Code Generation and Optimization

Deadlines

Milestone: April 30th, 11:59pm
Final Virtual Machine and Writeup: May 16th @ 11am
Derby: May 17th @ 10am (normal class time)

Description

In this final assignment, your goal is to reduce the execution time of a given application when executed on your virtual machine. This assignment is completely opened-ended; you are not required to implement any specific optimization except for simple code generation (see Milestone section). Your grade will be based on 1) your overall design (with heavy emphasis on the writeup) and 2) how well your virtual machine performs as compared to the submissions of the other groups. Namely, we will hold a Virtual Machine Derby where your virtual machine implementation will compete against the implementations of your fellow classmates on a hidden program (the derby program).
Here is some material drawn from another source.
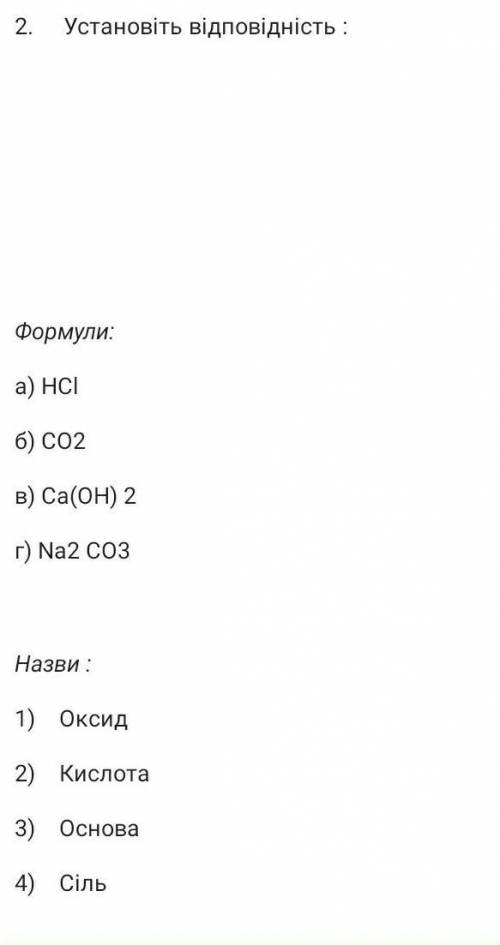 Очень нужно , сделайте кр по химии. ​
In the final month of class, we will cover various performance improving optimizations. A substantial portion of this project phase is to determine which optimizations will provide a benefit given the programs of the provided benchmark suite and the target architecture.
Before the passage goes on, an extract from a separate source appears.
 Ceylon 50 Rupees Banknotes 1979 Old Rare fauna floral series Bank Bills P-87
Some optimizations that we will cover in class include:

Optimized Runtime Implementation Techniques: Our main focus up until now has been to write a correct implementation perhaps even at the expense of the performance of your implementation. There are certainly opportunities to rethink the design of your runtime structures to produce a more efficient representation. For example, Tagged Pointers (https://en.wikipedia.org/wiki/Tagged_pointer) are a very common runtime representation that enables more efficient execution for integer-heavy code at the expense of a more complicated implementation.
Register Allocation: Your virtual machine can implement a register allocator. See Chapter 16 of the Whale book, Chapter 8.8 of the Dragon book, and the Reference Materials section below
Intermediate Representations Design: For evaluation of your final implementation, we will only give you MITScript source language programs. You are therefore free to change the design of the MITScript bytecode language, replace it with an entirely different representation (e.g., a low-level register-based representation), or even remove all intermediate representations if they do not suit your implementation strategy.
Peephole Optimizations: Peephole optimizations replace small instruction sequences with faster counterparts based on local information. For example, replacing multiplications/divisions by 2 with shifts. See Chaper 9.9 of the Dragon Book for additional information.
Function Inlining: Dynamic control flow – such as calling a function – is expensive. Function Inlining is an optimization that inlines a callee into the body of the caller. This optimization is most easily performed when it is possible to statically (at initial code generation time) determine the function to be called. There may be functions within the program for which you can determine this via Abstract Interpretation. However, there are many helper functions that your virtual machine uses for which you know the function to be called and, therefore, some or all of the body of those methods may be good candidates for optimization. See Chapter 15 of the Whale book for more information.
Abstract Interpretation/Dataflow-based Optimizations: When you generate naive code in the intermediate representation, you may notice the occurrence of multiple inefficient code sequences. For example, assigning a temporary value into memory and then immediately reloading the value from memory for the next computation. Or, adding multiple constants even the result of the operation is known statically (e.g., 1 + 1). Or, checking that a value is an integer even though you know it is an integer constant. Abstraction Intepretation/Dataflow gives a principled framework for identifying these opportunities and optimizing the code with optimizations such as constant folding, constant propagation, copy propagation, and dead code elimination. See Chapter 12 and of the Whale book and Chapter 9 of the Dragon Book for additional information.
Specialization: Dynamic languages are flexible in that they give great flexibility to the organization of code around the structure of the types it operates on (“duck typing”). However, this flexibility comes at significant performance cost. For example, your virtual machine interpreter needs to check that the inputs to each arithmetic operation (e.g., subtraction) are in fact integers before performing the operation. In practice, however, a given operation may only operate on objects from a small set of types – or even a single type. In cases where this set of types can be identified (either statically or after profiling), these operations can be specialized to execute more quickly for that set of types. For example, if virtual machine can determine that a given add operation only receives integers as operations, it can generate more efficient assembly code that need not consider the various implementations of add
Advanced Garbage Collection: In assignment 4 you implemented a mark and sweep garbage collector. However, you may instead find a performance benefit from implementing a more complicated collector (e.g., copy collector or generational collector). See these books and papers for additional information:
- Garbage Collection: Algorithms for Dynamic Memory Management by Jones (Book)
- The Garbage Collection Handbook by Jones, Hosking, and Moss (Book)
- Uniprocessor Garbage Collection Techniques by Paul Wilson (Survey Paper)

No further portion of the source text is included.